Statistics and Data Science: A Modeling Approach
Part III: Evaluating Models
Introduction to Part III: Evaluating Models
You have learned a lot so far. You now know something about the concept of distribution, and you have a real sense of what a statistical model is. More importantly, you know many of the moves and ways of thinking used by data analysts: how to examine distributions and use them to help further your understanding of the Data Generating Process (DGP); how to specify and fit models to data; how to quantify the fit of a model, and compare the fit of two models; and how to use models to make predictions and further sharpen your understanding of the DGP.

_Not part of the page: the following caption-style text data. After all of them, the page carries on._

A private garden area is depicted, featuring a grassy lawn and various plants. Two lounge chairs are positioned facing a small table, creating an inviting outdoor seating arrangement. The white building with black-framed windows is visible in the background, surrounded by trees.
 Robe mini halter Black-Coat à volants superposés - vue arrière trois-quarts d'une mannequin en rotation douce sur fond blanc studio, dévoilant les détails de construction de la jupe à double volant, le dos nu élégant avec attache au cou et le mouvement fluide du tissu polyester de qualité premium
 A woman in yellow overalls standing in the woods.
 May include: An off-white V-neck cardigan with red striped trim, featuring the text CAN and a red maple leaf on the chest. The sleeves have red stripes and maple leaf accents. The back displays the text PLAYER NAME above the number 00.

Although these models fit our data as well as possible, minimizing error to the degree possible, there is still one problem: we don’t really know how accurate they are as models of the Data Generating Process. We know how accurate they are as models of our data, but not as models of the population from which our data came.
In Part III of the course we take up this question. We start by more fully explaining the problem, and then take you through the solutions that statisticians use to evaluate models and assess the accuracy of parameter estimates.
All of these solutions depend on the third distribution of the Distribution Triad, the sampling distribution (or as we will also refer to it, the distribution of estimates). Sampling distributions will be our focus as we enter the next part of the course. While the population distribution is hidden but real, this new kind of distribution is imaginary! Sampling distributions require you to think, “What if…?!” Let’s dive in!